The End Doesn’t Justify the Means

In 2010, a study was done by the McKinsey Global Institute that looked at 24 advanced economies over history that became extremely overindebted and then had a crisis year, such as 1929 (U.S.), 1989 (Japan), 2008 (U.S.) They concluded that all of these debt episodes had to be solved by austerity, which they defined as a period of sustained high national savings rate in which a country lived within its means and cleared up the debt. Few central bankers, nor their political masters, have the political will to vote for austerity because of the cleansing defaults and layoffs that would run their course in the subsequent downturns. However, the wrong question is being asked.

The true question that should be asked is: “Are we acting properly?

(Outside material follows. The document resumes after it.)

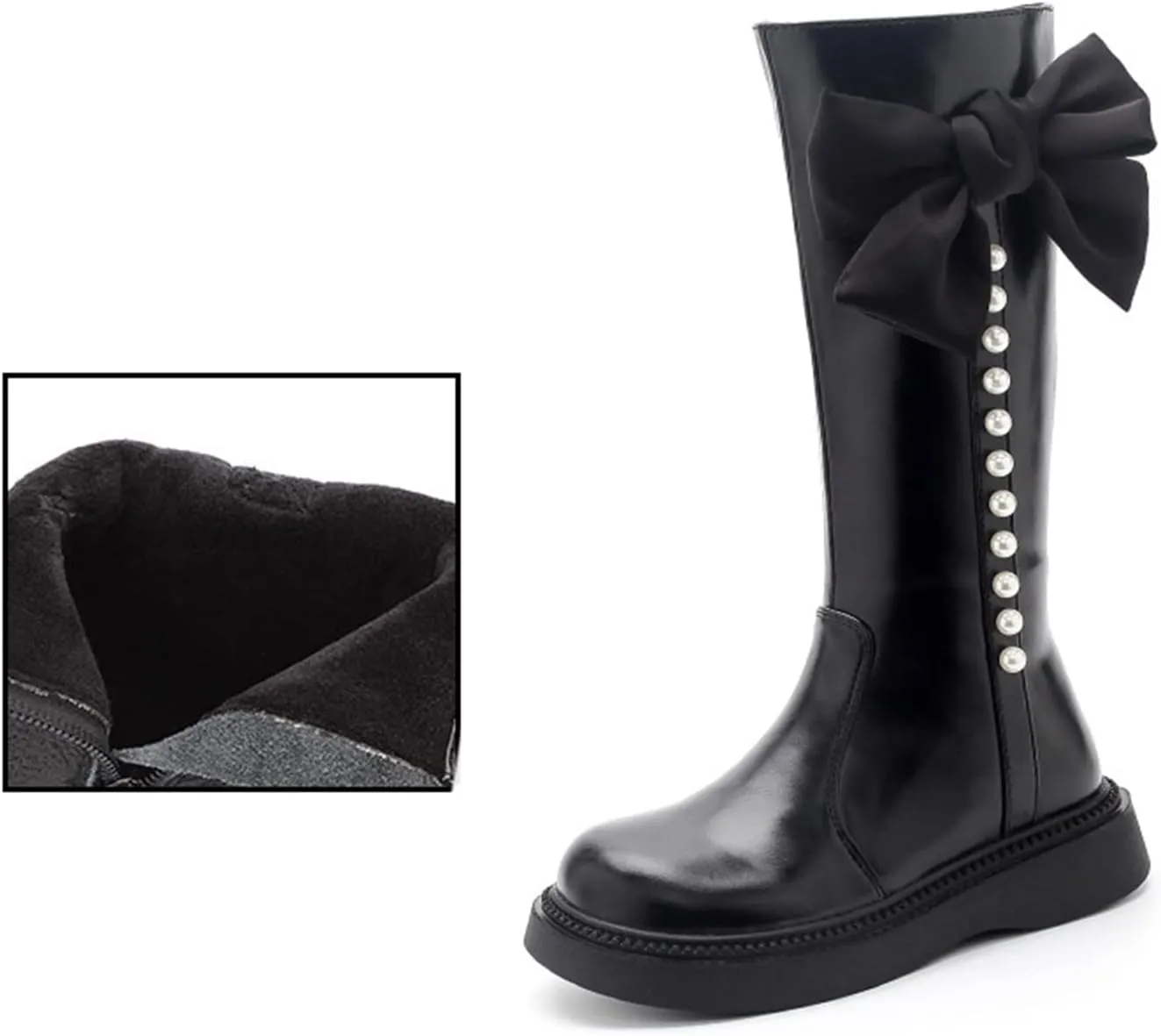 Girls Tall Leather Boots Childrens 𝐖aterproof Long Boots Big Kids Outdoor Non Slip Lightweight Boots Snow Flat Shoes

What will the effects of increased spending and adding more debt have on our future, and our children’s futures?” But, the only question asked by most politicians is “what will get me votes in the upcoming elections?” So, we’ll just keep taking on more debt trying to solve the problem, and the economic activity will just keep getting weaker. The end doesn’t justify the means.

Investment Implications

If a high-risk market bubble were an airplane, the current observable market conditions present us with a striking collection of features of an airplane that is losing its engines: Staggering levels of government and corporate debt; the diminishing and costly effects of lower interest rates; highly leveraged loans; weakening economic growth; and stretched market valuations. These airplane-like conditions have proved historically to have been associated with actual subsequent market bubbles. As the financial markets enter what we expect to be a rather disruptive completion to the recent speculative half-cycle, it will be helpful for investors to consider certain truths that are readily learned from history, rather than insisting on re-learning them the hard way.

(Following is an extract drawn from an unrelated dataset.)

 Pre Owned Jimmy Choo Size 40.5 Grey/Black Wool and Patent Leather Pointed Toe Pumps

The strongest investment opportunities have two essential features: 1) a material retreat in market valuations, followed by 2) an identifiable shift to uniformly favorable market action across multiple sectors. The general tone of the markets is typically fearful and even hopeless at those points. But, that’s when investors should be most willing to embrace market risk. It’s also the exact opposite tone of what we observe today. Currently, we think its prudent to focus on capital preservation, to be relatively light in taking risk in portfolios, and to take advantage of the opportunities as they present themselves. Knowing truth and having enough foresight may not help you get rich in the short-term, but it can definitely help you from becoming poor in the long-term!

“By the time a recession is widely accepted, a great deal of bear market damage will have likely already been done.”